### Records from a dataset

◇ ◇ ◇ ◇ ◇ ◇ ◇

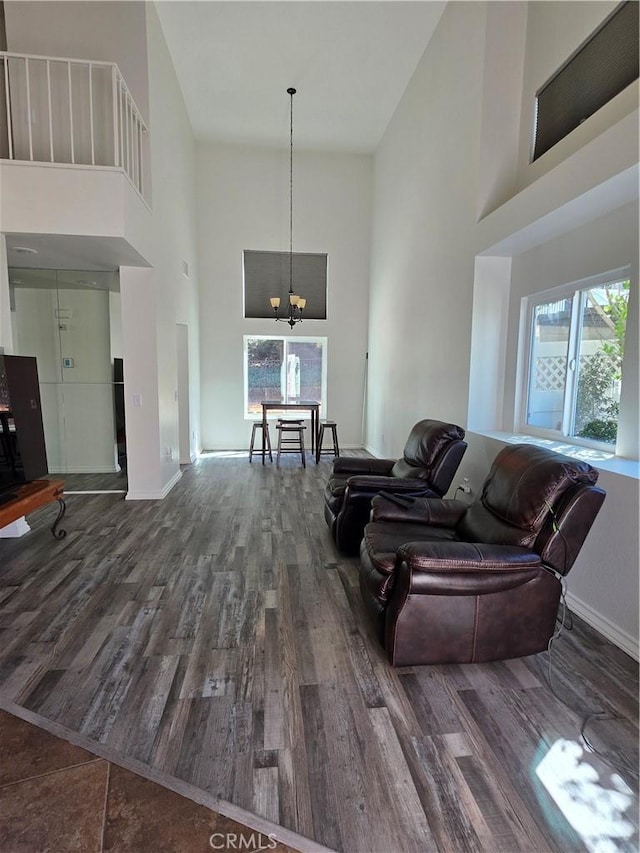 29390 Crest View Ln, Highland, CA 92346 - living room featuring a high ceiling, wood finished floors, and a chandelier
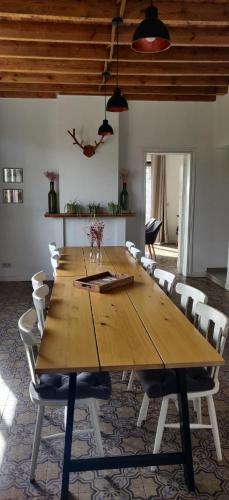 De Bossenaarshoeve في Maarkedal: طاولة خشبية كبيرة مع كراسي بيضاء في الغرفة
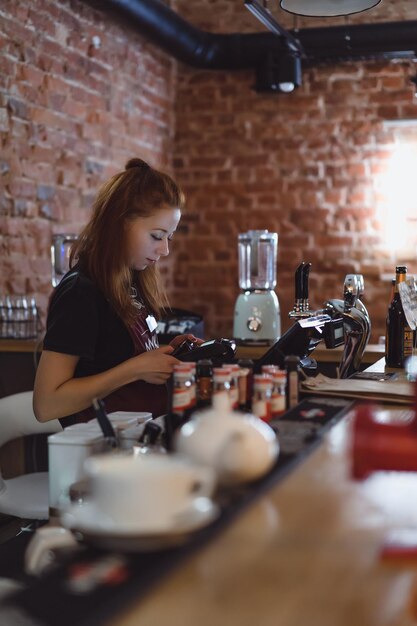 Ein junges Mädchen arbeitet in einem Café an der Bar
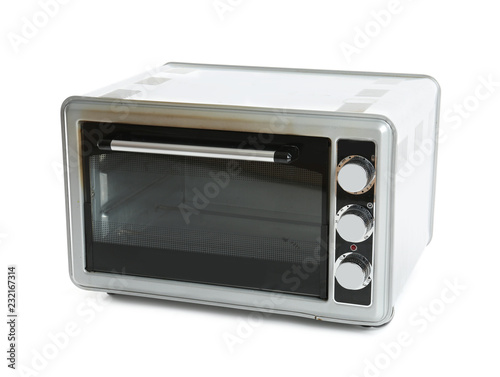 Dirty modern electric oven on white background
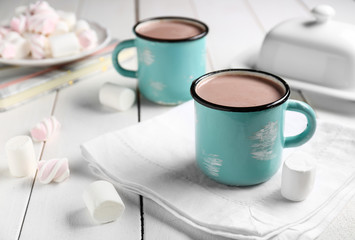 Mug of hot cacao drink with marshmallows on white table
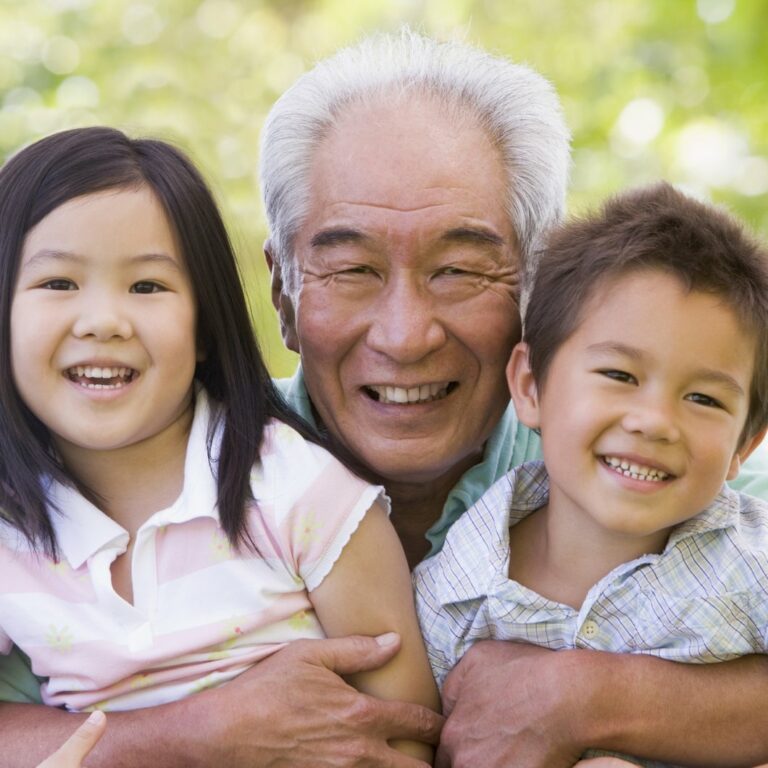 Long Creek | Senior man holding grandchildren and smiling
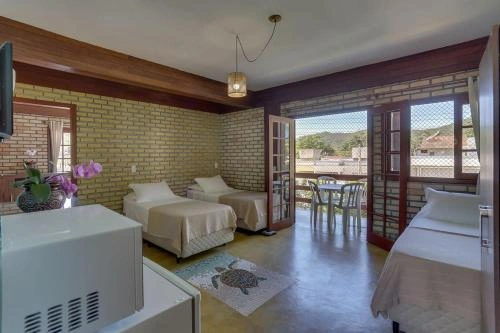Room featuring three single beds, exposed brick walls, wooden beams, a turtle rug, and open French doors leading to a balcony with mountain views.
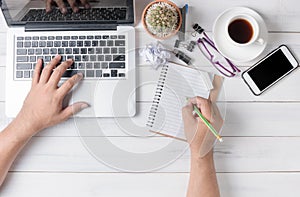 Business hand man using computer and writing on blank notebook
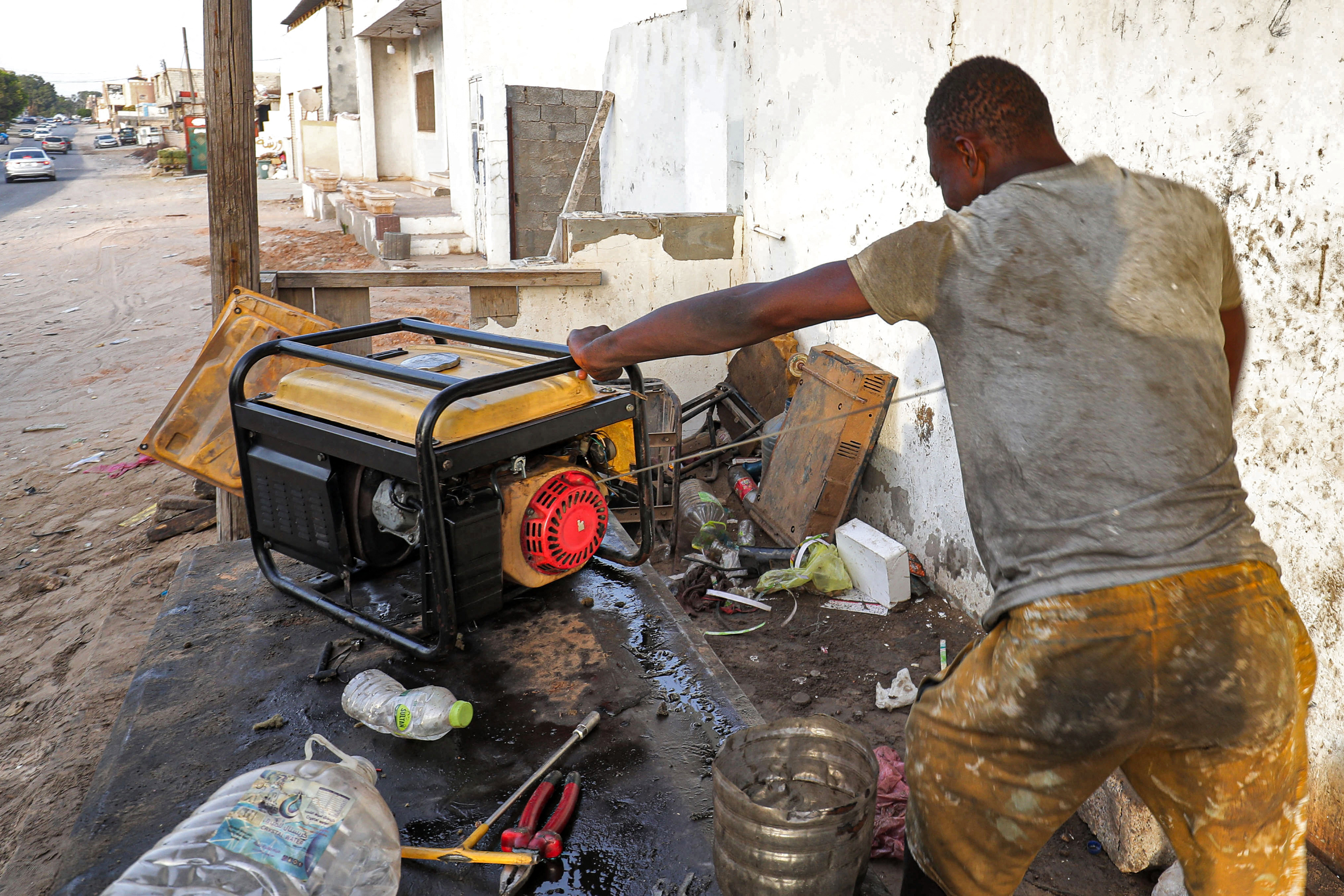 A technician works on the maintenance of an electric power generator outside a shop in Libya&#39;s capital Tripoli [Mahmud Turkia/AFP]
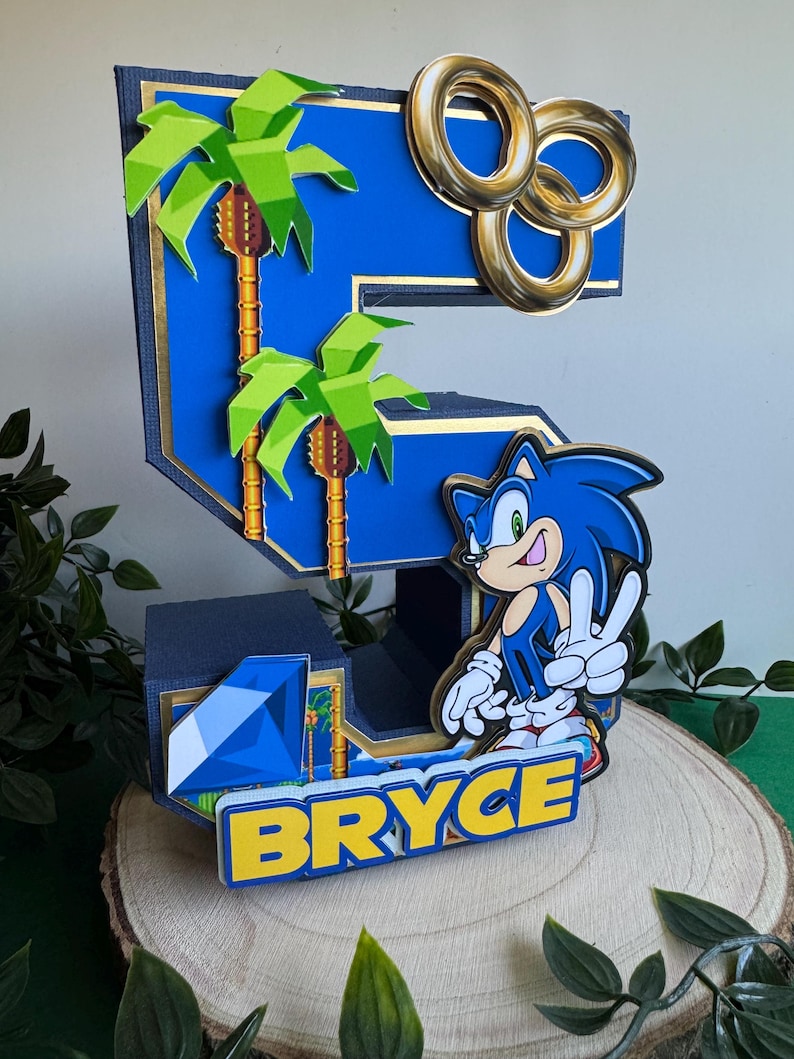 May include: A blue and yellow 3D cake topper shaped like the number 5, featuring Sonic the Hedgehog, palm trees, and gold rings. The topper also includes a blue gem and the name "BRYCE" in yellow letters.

◇ ◇ ◇ ◇ ◇ ◇ ◇

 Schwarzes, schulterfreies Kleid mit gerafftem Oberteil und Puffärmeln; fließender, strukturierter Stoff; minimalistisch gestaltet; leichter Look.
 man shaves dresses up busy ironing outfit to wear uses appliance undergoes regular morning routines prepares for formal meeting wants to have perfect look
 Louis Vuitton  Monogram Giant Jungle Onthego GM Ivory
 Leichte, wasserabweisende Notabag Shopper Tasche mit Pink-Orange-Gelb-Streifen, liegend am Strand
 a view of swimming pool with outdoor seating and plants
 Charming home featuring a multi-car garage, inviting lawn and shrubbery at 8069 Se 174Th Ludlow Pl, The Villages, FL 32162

◇ ◇ ◇ ◇ ◇ ◇ ◇

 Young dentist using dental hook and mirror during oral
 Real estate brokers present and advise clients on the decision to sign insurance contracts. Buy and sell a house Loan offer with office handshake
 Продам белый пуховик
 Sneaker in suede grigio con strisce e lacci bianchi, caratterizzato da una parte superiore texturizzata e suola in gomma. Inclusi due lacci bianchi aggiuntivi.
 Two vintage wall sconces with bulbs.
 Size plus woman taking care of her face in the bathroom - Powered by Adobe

◇ ◇ ◇ ◇ ◇ ◇ ◇

Would you copy out, exactly and with no pictures, only the lines above from the one that contains "Long Creek |" through the one that contains "Business hand man"?

### Output of the task
 Long Creek | Senior man holding grandchildren and smiling
Room featuring three single beds, exposed brick walls, wooden beams, a turtle rug, and open French doors leading to a balcony with mountain views.
 Business hand man using computer and writing on blank notebook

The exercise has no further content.